Poultry litter provides a rich source of nutrients for perennial forages, but the usual practice of surface-applying litter to pastures can degrade water quality by allowing nutrients to be transported from fields in surface runoff, while much of the NH4-N volatilizes. Incorporating litter into the soil can minimize such problems in tilled systems, but has not been used for perennial forage systems. In this study, we minimized disturbance of the crop, thatch, and soil structure by using a knifing technique to move litter into the root zone. Our objective was to determine effects of poultry litter incorporation on quantity and quality of runoff water. Field plots were constructed on a silt loam soil with well-established bermudagrass [Cynodon dactylon (L.) Pers.] and mixed grass forage. Each plot had 8 to 10% slopes, borders to isolate runoff, and a downslope trough with sampling pit.

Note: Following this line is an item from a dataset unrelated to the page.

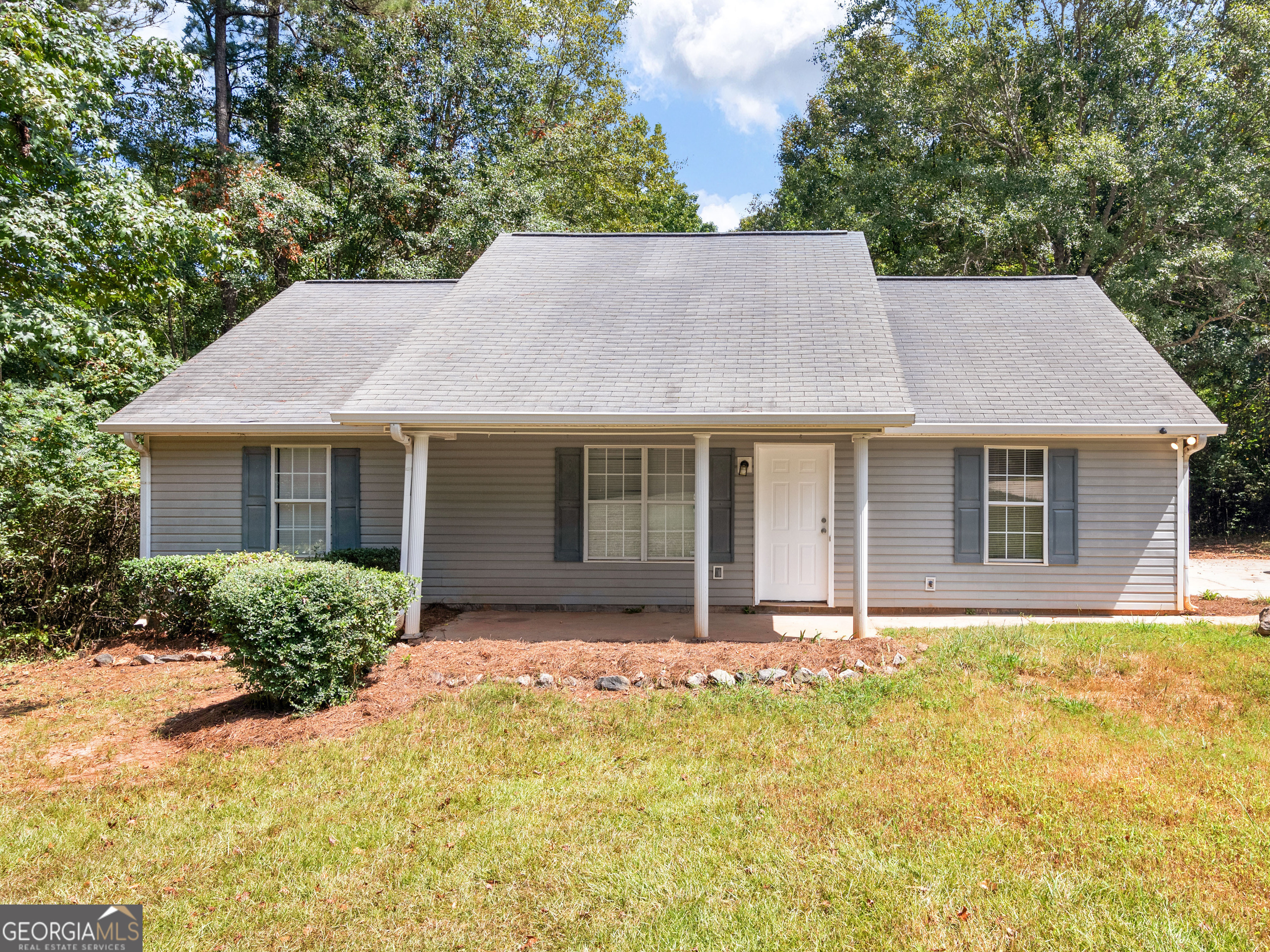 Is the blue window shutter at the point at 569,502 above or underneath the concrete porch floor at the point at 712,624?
above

Poultry litter was applied (5.6 Mg ha(-1)) by one of three methods: surface-applied, incorporated, or surface-applied on soil-aeration cuts. There were six treatment replications and three controls (no litter). Nutrient concentrations and mass losses in runoff from incorporated litter were significantly lower (generally 80-95% less) than in runoff from surface-applied litter. By the second year of treatment, litter-incorporated soils had greater rain infiltration rates, water-holding capacities, and sediment retention than soils receiving surface-applied litter. Litter incorporation also showed a strong tendency to increase forage yield.